Overview

• Comparing parameterizations
• Dynamical programming on trees (example: WEIGHTED INDEPENDENT SET / VERTEX COVER)
• Path-width with FPT algorithm
• Tree-width with FPT algorithm
• FPT results for other problems using tree-width dynamic programming
• Other width notions: clique-width, branch-width, rank-width, carving-width, cut-width, etc.
• Relationships between width parameters

Foundations of Parameterized Complexity

First, recall: Parameterized Problems and Fixed-Parameter Tractability (FPT)

Comparing Parameterizations

For \(\kappa_1, \kappa_2 : \Sigma^* \to \mathbb{N}\): - \(\kappa_1 \succeq \kappa_2\) (computably bounded above) iff \(\exists\) computable \(g: \mathbb{N} \to \mathbb{N}\) s.t. \(\forall x \in \Sigma^*, g(\kappa_1(x)) \ge \kappa_2(x)\). - \(\kappa_1 \approx \kappa_2\) iff \(\kappa_1 \succeq \kappa_2\) and \(\kappa_2 \succeq \kappa_1\). - \(\kappa_1 \succ \kappa_2\) iff \(\kappa_1 \succeq \kappa_2\) and not \(\kappa_2 \succeq \kappa_1\).

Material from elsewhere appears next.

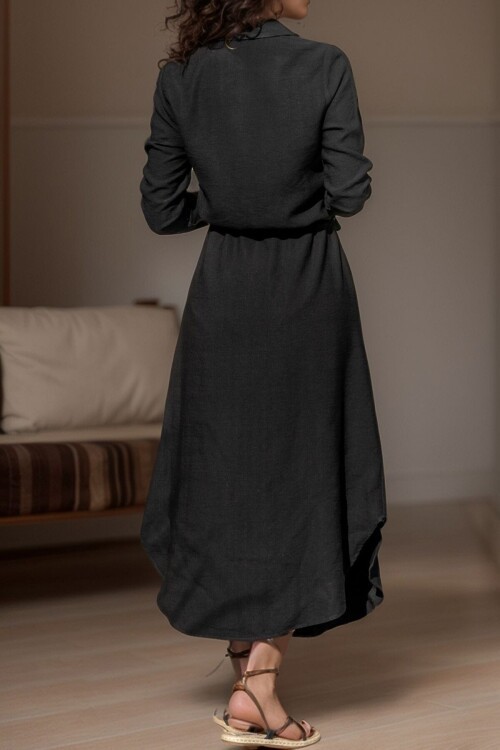 Siyah Keten Beli Büzgülü Hasır Kemerli Gömlek Elbise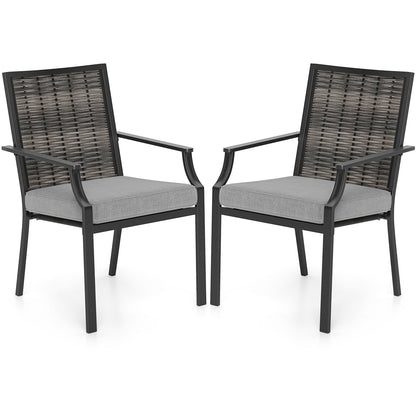 Patio Wicker Chairs Set of 2 Stackable Rattan Armchairs with Removable Cushions-Grey, Gray Patio Dining Chairs at Gallery Canada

Proposition: If \(\kappa_1 \succeq \kappa_2\), then:

• \(\langle Q, \kappa_2 \rangle \in \mathsf{FPT} \;\Rightarrow\; \langle Q, \kappa_1 \rangle \in \mathsf{FPT}\)
• \(\langle Q, \kappa_1 \rangle \notin \mathsf{FPT} \;\Rightarrow\; \langle Q, \kappa_2 \rangle \notin \mathsf{FPT}\)

This allows transferring algorithmic (or hardness) results between different graph width parameters.

Notions of Graph Width

Path-width

Definition (Robertson and Seymour 1983)
A path decomposition of \(G = \langle V, E \rangle\) is a sequence of bags \(\langle B_1, B_2, \dots, B_r \rangle\), \(B_i \subseteq V\), satisfying:

1. (P1) Vertex coverage: \(\bigcup_{i=1}^r B_i = V\).
2. (P2) Edge coverage: \(\forall \{u,v\} \in E, \exists i: \{u,v\} \subseteq B_i\).
3. (P3) Interval property: for every \(v \in V\), the set of indices \(i\) with \(v \in B_i\) forms a contiguous interval \([i_{\min}, i_{\max}]\).

The width of the decomposition is \(\max_{1 \le t \le r} |B_t| - 1\). The path-width of \(G\), denoted \(pw(G)\), is the minimum width over all path decompositions of \(G\).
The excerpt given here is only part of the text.